▸ **Your task**
Each line of the material must be reproduced exactly; pictures stay out.

▸ **Given material**
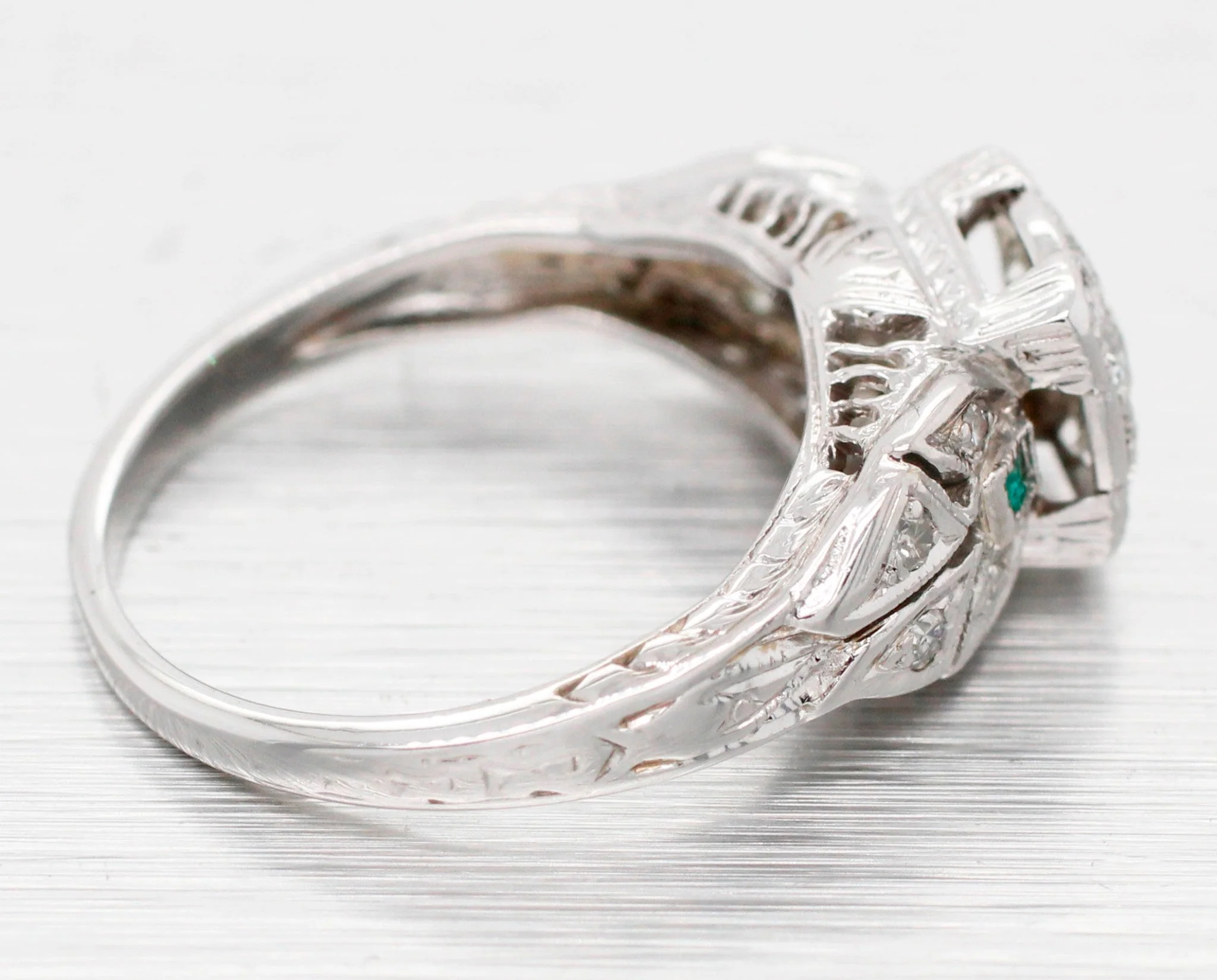 Antique Art Deco 0.25ctw Diamond & Emerald Nature Band Ring - 14k White Gold - Image 3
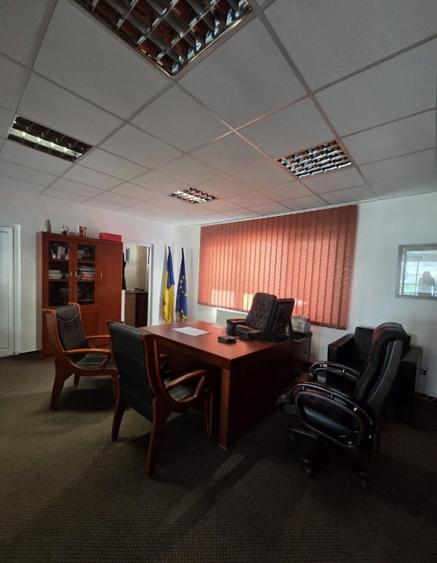 Spațiu comercial, de 270 mp, în Central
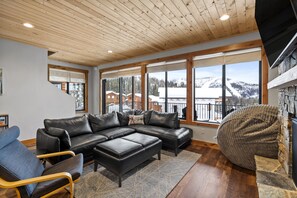 Smart TV, fireplace, DVD player - Delightful 4-bedroom ski condo in Schweitzer, Idaho (Sandpoint)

▸ **Solution below**
 Antique Art Deco 0.25ctw Diamond & Emerald Nature Band Ring - 14k White Gold - Image 3
 Spațiu comercial, de 270 mp, în Central
 Smart TV, fireplace, DVD player - Delightful 4-bedroom ski condo in Schweitzer, Idaho (Sandpoint)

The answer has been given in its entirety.